字幕表 動画を再生する
(bell dinging)
- Hello, and welcome to another Beginner's Guide
to Machine Learning with ml5.js in JavaScript.
So I'm here.
It's been a while since I added a video to this playlist,
and a bunch of things
about the ml5 library itself have changed.
There's a new release, 0.3.1.
There is a brand new website,
which you can find right here at ml5js.org.
So to some extent, this video is really an update
about the library, but I'm also going to look
at one particular feature,
a new feature of the library, sound classification.
The machine learning model that I'm gonna use
in this video is the Speech Command Recognizer,
and this is a model available from Google
as part of TensorFlow.js models.
Now, so this is a really important distinction.

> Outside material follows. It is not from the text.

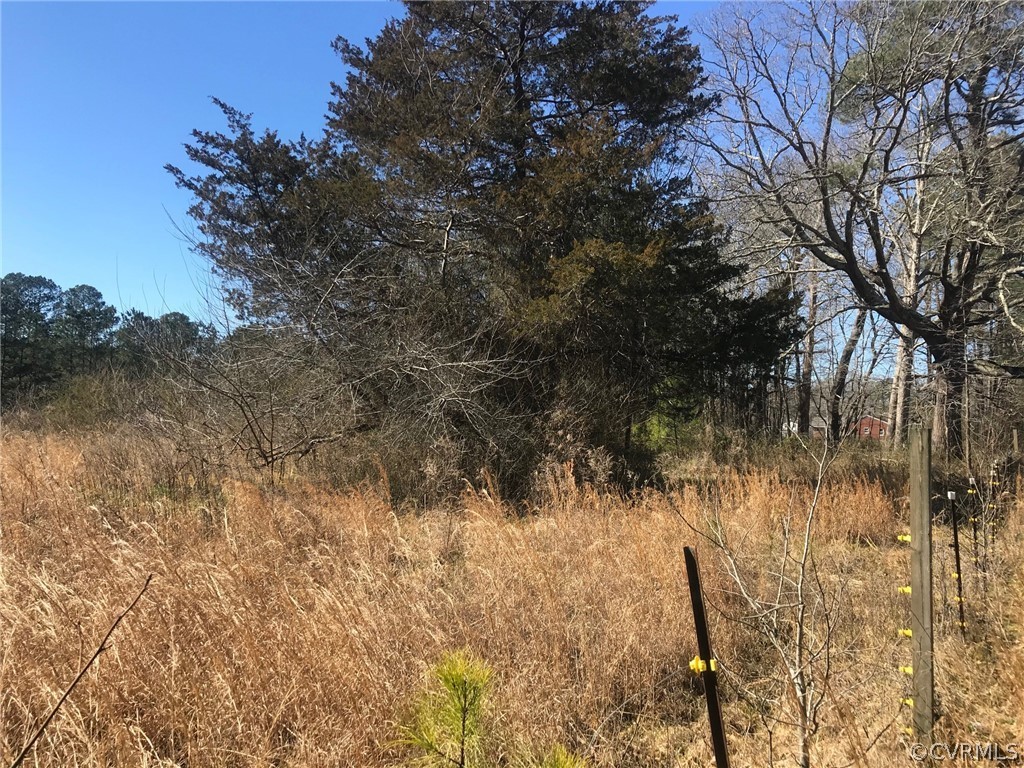 4-ac General Mahone Boulevard Ivor, VA 23866 - Photo 2 of 3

I am not here to train a sound classifier.
I might do that in a future video
and show you about how to apply transfer learning,
which is something I did with images, also to sounds.
I just gonna make use of a freely available,
pre-trained machine learning model.
Anytime you use one of those things,
even in just a playful and experimental way,
which is what I'm doing,
it's good to do a little bit of research
and take a look at like well, how was this trained,
what the data, what are the considerations
around how the data was collected?
And so I encourage you to read through the read me
here on GitHub and in particular,
to click over and read the original paper
about this speech commands model,
and there you'll see, if you look,
it talks about some of the datasets
like Mozilla's Common Voice dataset,
500 hours from 20,000 different people,
this LibriSpeech, 1,000 hours of read English speech.

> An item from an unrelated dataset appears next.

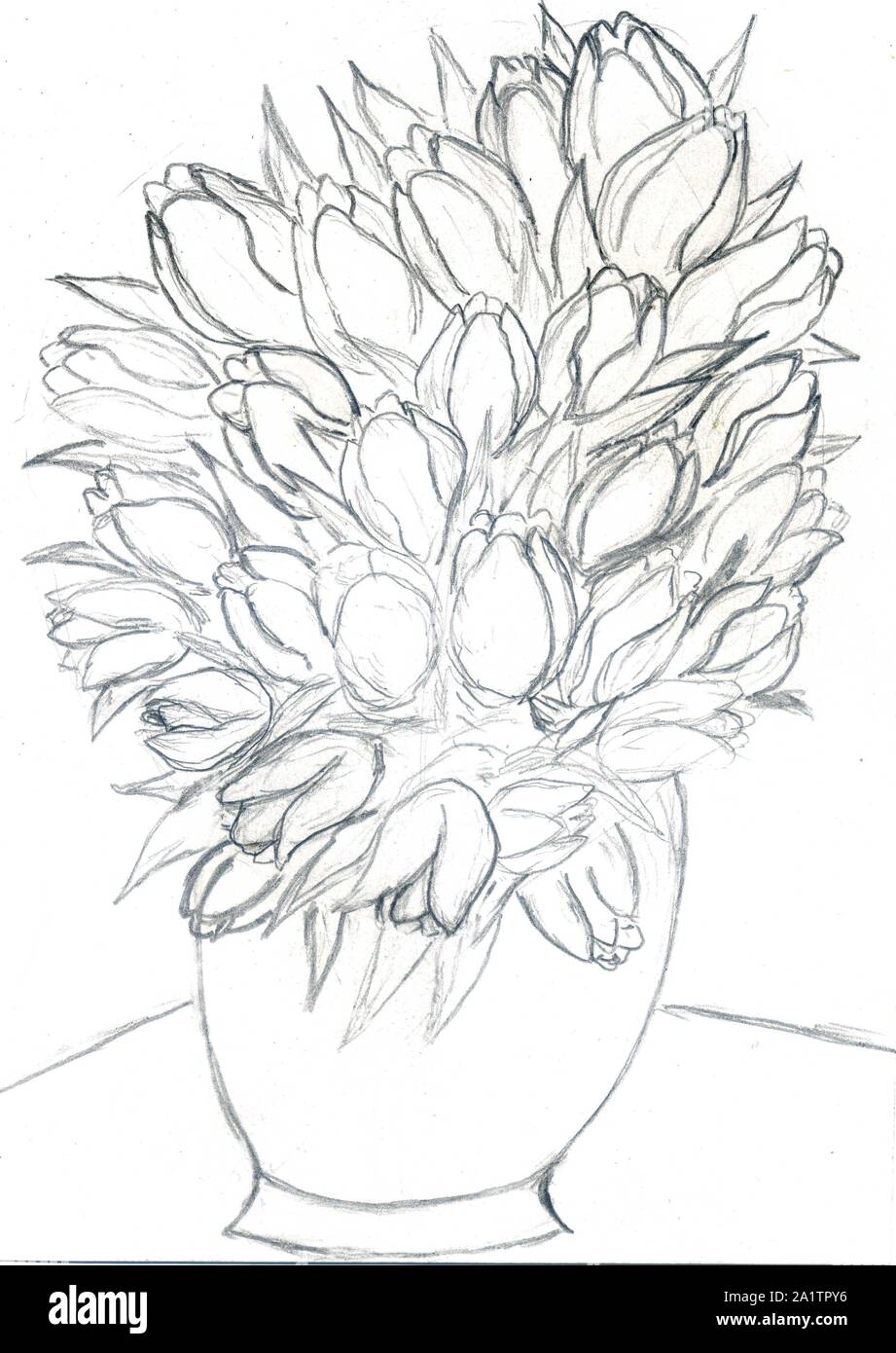 Sketch Elegant Illustration Of Bouquet Of Tulips In A Vase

I don't know how to say this, TIDY DIGITS,
TIDIGITS, T DIGITS, 25,000 digit sequences,
which apparently was probably neat, right?
It's just like hours and hours of me reading
this random number book over and over again.

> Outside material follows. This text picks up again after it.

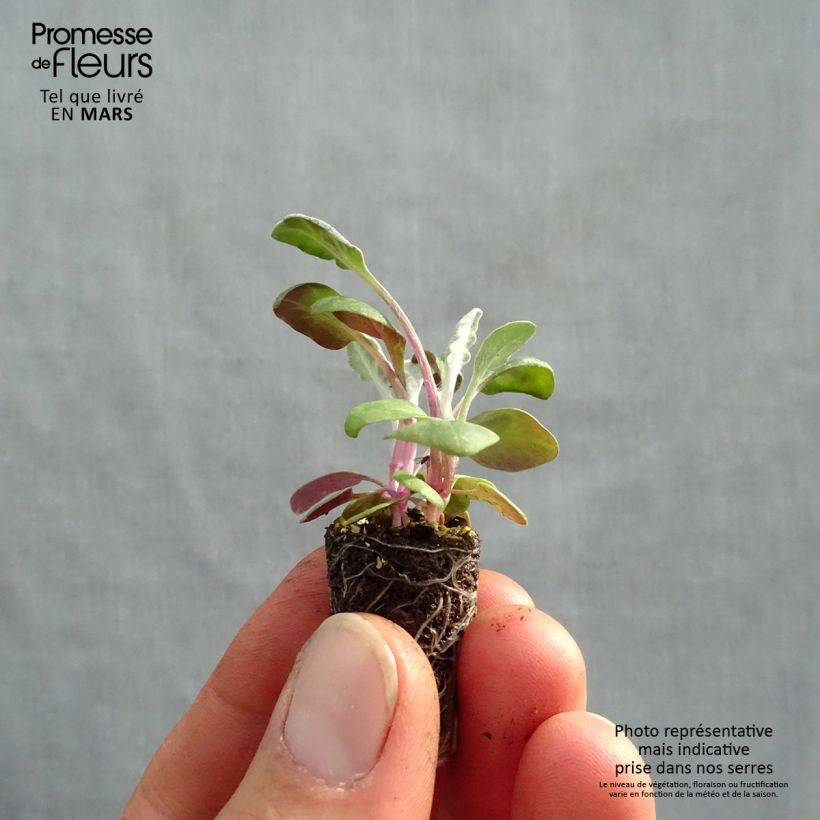 Exemplaar van Senecio cineraria Silver Dust (plugplanten) - Zilverkruiskruid Mini-mot Ø 1,5/2,5 cm zoals geleverd in de lente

But so I encourage you to check out this paper,
and you can also find code for how to use this model
at TensorFlow.js in the tfjs models, GitHub repo itself.
I also want to interrupt this video for a second
to talk about how the sound classifier actually works.
This is kind of a surprising little tidbit,
and I'll come back to this more
if at some point I create a video
about training your own sound classifier.
Now, there different ways you could do this.
This isn't the way to make a sound classifier,
but this is the way that this particular model works.
It's actually shockingly,
amazingly doing image classification.
So if you image we have this thing
that's called a convolutional neural network.
This is the underlying architecture,
the structure of that machine learning model
that does the classification.
Typically this kind of model is something
that we would put images in.
Like we might have images of cats.
We might have an image of a turtle.
That's not really turtle, but whatever.
So the idea is that we're sending these images in
and getting back a label
and maybe a confidence score.
So it's the same idea.
The only thing is now we wanna send in audio
and get back a label like up
or one and a confidence score.
So how would we convert sound into an image?
Now, again, there are other neural network architectures
which you could receive sound data
in maybe a more direct fashion,
but if you have ever looked at a graphic equalizer
or some type of sound visualization system,
I've made examples like this in p5,
you can draw something that's often referred
to as the spectrogram,
which is basically a graph of all the various amplitudes
of frequencies, the wave patterns of the sound itself.
So if we took a one second spectrogram
and made that into an image,
we could then send that image
into a convolutional neural network
saying that's the image that is produced
from the spectrogram of somebody saying the word, up.
So underneath the hood, this machine learning system,
even though it's designed to work with audio data,
it first takes that audio data,
converts it into an image
and then sends it through a very similar types
of neural network architecture
to standard image classification models.
And you can read more about that in that paper itself.
However, I'm gonna show you how to access this model
in a quick way with the ml5 library.
And this is the new as of today, which is I dunno.
What's today's date?
June 13th, 2019 (laughing).
I'm gonna show you how to use this with the ml5 library
as it stands today.
So I'm gonna click here under reference.
One thing you should see, there's a lot of new features
have been added to the ml5 library.
I'm gonna come back and do videos about more of those,
but the one I wanna highlight is sound classifier.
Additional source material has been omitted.